I know that the next-gen projects is only available for Cloud users for now, as I know that in cloud there isn't much for an Admin to do. What will be the tasks left for a JIRA admin once next-gen projects are moved to server versions?
@Jack BrickeyThank you for clarifying as I was really confused and wasn't sure if down the road our jobs will be needed.
I'm with @Jack Brickey on this. The direction for Cloud is for teams who don't want to have any administrative overhead, and can set up and run it all for themselves.

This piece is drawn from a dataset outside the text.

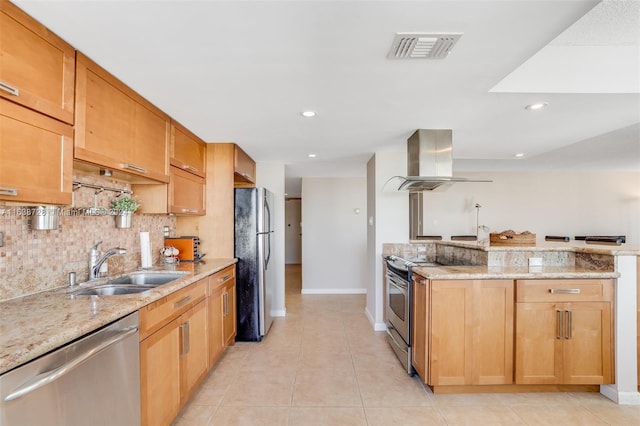 kitchen featuring ventilation hood, light stone counters, sink, and appliances with stainless steel finishes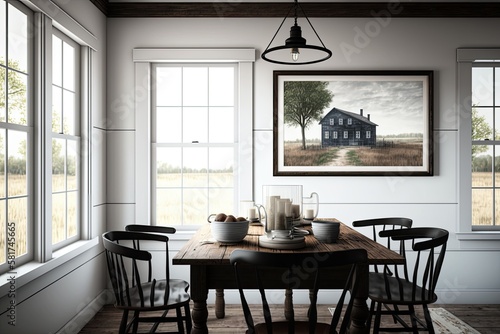 Fotomurale Interior of a farmhouse dining room with a horizontal black frame,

The direction for Server is more for Data Centre, where you run it yourself, set up a lot of shared things (and hence want centralised admin) and have the resources for dedicated admin.
But even with the increasing delegation we see more in Cloud, I suspect you're always going to want an admin around, even if the role shifts more to someone who does more advice, advocacy and troubleshooting than configuration work.
Agree and I think the 'cloud admin' may become more of a SME or power user that can help others in getting started or cleaning up messes.
@Nic Brough -Adaptavist-Thank you for your input! I just noticed that on the article I read there is an option to switch to classic projects. I missed it earlier
Yup, my thoughts too. It's the classic balance of central configuration for better global reporting versus letting each team do what they want. Different companies will always want different approaches to all their tools, not just Jira
It should be the ultimate goal to completely eliminate the administration work, imo.
Can't happen. Jira is extensively used for processes that need to be controlled and not just let everyone do their own thing. If controlled projects go away (and hence the admins), then most of Jira's market goes away too.
I agree that relying solely on over-simplification (?) would open the door to competitors. Analogy - there are "Apple" lovers and "non-Apple" lovers out there. Granted Apple is doing very well but the other side is doing pretty well too. :-)
p.s. I'm an Apple user.
I think Atlassian is exactly on the right track with this new approach. They let you choose exactly the level of complexity you need for a project and it starts with the most basic setup. This way you will never have more complexity than needed.
I agree that the approach is right, when you let people own their projects, start simple and build, so that they don't just add things because they're there. But, we will still need the admins to manage the shared designed projects
I think so too. But I guess the amount of work needed to manage shared designed projects will drastically decrease over time.